3.1. Precipitation Forecast Evaluation

As stated earlier, the precipitation forecasts evaluation comprises from contingency measures, Taylor diagrams and accuracy measures for each of the seven days of forecast, i.e., Day 0 to Day 6, as presented below. Particularly for each day, the calculated contingency measures for the different rain thresholds, i.e., 0.2 mm, 1 mm, 3 mm, 5 mm, 10 mm and 20 mm are presented.
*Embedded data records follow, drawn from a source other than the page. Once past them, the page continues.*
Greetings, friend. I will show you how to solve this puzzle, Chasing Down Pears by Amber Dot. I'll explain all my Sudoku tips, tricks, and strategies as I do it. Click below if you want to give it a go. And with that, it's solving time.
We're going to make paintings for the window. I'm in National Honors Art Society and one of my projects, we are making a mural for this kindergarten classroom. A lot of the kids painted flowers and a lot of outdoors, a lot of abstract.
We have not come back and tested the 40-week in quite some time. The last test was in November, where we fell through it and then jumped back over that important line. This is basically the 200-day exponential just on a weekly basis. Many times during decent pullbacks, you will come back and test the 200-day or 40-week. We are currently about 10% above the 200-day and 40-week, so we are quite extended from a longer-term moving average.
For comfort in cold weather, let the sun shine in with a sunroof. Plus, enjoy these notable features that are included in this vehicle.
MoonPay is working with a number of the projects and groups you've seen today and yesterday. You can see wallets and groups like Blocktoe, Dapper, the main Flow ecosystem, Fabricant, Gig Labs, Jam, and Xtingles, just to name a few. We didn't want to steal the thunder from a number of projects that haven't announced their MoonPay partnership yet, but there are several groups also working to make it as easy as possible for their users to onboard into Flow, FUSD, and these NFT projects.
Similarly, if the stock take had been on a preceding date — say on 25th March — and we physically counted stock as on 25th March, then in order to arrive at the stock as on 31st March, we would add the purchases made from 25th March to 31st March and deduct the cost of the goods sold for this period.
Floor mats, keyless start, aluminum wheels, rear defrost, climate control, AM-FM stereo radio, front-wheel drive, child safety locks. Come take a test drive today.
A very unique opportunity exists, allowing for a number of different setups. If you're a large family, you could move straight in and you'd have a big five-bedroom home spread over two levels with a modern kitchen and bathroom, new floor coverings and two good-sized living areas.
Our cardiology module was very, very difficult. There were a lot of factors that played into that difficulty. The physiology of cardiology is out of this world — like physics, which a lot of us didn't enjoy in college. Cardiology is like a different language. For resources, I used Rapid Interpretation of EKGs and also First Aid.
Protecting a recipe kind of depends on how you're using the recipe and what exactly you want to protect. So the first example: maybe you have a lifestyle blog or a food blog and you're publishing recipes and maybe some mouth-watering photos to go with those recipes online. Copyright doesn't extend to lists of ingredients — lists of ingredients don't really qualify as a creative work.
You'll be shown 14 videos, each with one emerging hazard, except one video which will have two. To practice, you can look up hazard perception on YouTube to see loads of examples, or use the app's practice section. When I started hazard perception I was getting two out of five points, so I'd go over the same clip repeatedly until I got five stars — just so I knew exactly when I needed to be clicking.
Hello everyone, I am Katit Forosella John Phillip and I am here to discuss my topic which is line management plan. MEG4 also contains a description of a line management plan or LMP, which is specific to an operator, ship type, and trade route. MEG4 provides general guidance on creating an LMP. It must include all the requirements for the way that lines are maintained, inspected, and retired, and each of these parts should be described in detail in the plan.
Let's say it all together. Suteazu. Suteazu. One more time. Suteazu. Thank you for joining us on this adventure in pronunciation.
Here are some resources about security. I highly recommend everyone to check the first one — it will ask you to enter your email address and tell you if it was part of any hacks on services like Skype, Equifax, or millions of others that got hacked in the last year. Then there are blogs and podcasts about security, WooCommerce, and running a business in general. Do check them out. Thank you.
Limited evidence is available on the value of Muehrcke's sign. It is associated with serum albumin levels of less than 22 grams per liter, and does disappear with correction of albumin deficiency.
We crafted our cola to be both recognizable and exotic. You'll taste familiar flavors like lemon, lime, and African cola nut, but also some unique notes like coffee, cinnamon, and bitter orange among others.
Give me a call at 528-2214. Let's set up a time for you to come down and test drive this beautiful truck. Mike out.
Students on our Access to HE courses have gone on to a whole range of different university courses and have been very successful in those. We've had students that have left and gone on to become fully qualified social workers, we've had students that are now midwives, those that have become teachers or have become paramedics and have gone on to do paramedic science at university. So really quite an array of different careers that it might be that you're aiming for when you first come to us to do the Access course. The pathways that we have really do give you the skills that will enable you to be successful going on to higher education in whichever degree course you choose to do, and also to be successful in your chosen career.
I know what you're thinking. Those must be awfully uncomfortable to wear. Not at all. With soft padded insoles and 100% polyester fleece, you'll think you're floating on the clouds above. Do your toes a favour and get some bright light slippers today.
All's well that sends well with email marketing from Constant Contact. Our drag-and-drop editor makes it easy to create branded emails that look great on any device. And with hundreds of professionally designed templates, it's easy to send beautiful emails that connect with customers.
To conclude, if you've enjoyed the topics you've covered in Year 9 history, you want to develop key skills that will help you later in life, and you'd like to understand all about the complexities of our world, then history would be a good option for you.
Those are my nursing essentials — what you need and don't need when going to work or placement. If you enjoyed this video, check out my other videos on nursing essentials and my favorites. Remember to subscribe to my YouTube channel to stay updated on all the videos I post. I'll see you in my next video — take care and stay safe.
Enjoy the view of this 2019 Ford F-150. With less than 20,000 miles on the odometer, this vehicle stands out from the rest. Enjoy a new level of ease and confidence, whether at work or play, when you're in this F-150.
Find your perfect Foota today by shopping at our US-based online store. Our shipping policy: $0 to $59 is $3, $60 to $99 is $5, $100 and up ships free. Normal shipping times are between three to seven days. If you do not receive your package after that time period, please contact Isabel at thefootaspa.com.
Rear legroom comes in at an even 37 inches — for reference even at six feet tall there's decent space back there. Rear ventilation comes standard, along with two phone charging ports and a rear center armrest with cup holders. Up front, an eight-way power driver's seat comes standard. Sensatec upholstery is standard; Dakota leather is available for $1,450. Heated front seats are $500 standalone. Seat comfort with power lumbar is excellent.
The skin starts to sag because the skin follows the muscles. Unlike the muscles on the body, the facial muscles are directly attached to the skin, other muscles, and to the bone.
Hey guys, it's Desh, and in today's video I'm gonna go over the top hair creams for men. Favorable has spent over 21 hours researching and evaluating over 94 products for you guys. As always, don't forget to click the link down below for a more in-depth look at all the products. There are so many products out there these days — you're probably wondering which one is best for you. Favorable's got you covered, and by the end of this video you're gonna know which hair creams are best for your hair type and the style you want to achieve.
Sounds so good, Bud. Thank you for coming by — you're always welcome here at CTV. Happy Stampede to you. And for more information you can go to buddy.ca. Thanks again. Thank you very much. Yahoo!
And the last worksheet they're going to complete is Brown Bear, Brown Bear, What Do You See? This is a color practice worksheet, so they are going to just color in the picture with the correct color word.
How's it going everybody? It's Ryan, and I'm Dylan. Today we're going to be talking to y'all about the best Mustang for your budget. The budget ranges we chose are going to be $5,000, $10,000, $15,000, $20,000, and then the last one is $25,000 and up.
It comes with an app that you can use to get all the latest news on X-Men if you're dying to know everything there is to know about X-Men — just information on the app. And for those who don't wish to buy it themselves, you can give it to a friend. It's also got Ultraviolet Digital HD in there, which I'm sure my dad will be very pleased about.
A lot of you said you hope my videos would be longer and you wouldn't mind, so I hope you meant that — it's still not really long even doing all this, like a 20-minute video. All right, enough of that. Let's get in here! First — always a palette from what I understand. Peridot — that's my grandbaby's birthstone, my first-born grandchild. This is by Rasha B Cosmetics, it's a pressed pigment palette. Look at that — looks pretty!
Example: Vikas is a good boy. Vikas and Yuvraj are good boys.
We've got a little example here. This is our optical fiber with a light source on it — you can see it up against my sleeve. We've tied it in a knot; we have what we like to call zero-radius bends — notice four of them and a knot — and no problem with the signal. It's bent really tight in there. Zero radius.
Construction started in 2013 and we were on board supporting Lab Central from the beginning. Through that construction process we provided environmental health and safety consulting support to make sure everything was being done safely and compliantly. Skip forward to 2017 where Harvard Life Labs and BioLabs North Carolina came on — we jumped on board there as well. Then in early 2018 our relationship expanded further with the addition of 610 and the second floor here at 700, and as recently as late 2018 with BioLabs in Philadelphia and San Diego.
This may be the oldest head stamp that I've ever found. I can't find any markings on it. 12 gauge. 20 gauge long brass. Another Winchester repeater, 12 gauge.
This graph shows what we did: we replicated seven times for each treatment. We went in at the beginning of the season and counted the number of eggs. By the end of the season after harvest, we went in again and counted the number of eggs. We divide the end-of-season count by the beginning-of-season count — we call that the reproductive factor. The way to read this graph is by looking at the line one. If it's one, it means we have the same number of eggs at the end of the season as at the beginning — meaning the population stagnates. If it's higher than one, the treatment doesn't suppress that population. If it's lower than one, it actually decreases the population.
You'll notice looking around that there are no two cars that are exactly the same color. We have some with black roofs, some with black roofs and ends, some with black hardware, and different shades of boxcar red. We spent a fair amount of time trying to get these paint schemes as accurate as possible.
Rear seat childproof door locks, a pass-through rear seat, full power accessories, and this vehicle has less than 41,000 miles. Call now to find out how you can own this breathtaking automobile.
As stated earlier, the 0.2 mm threshold represents all recorded precipitation events.

3.1.1. Frequency Bias

Figure 2a–g presents the frequency bias of BOLAM precipitation forecasts for Day 0 to Day 6, against the optimum value of 1 that is depicted with a dashed line.
The similarity of the FBIAS pattern between the different days of forecast, with FBIAS consistency falling below the optimal value FBIAS = 1 with increasing precipitation thresholds is evident. The best performance of the forecast model is observed in the case of the 0.2 mm threshold which is the case of all predicted precipitation events that can be measured, but the predictive capacity of the model decreases towards the last day of forecast. FBIAS tends to get values smaller than 1, i.e., the event was forecasted less often than observed, when the precipitation threshold increases to 3 mm and more. In particular for precipitation events greater or equal to 20 mm, the forecasts fail to portray the actual precipitation events of this magnitude.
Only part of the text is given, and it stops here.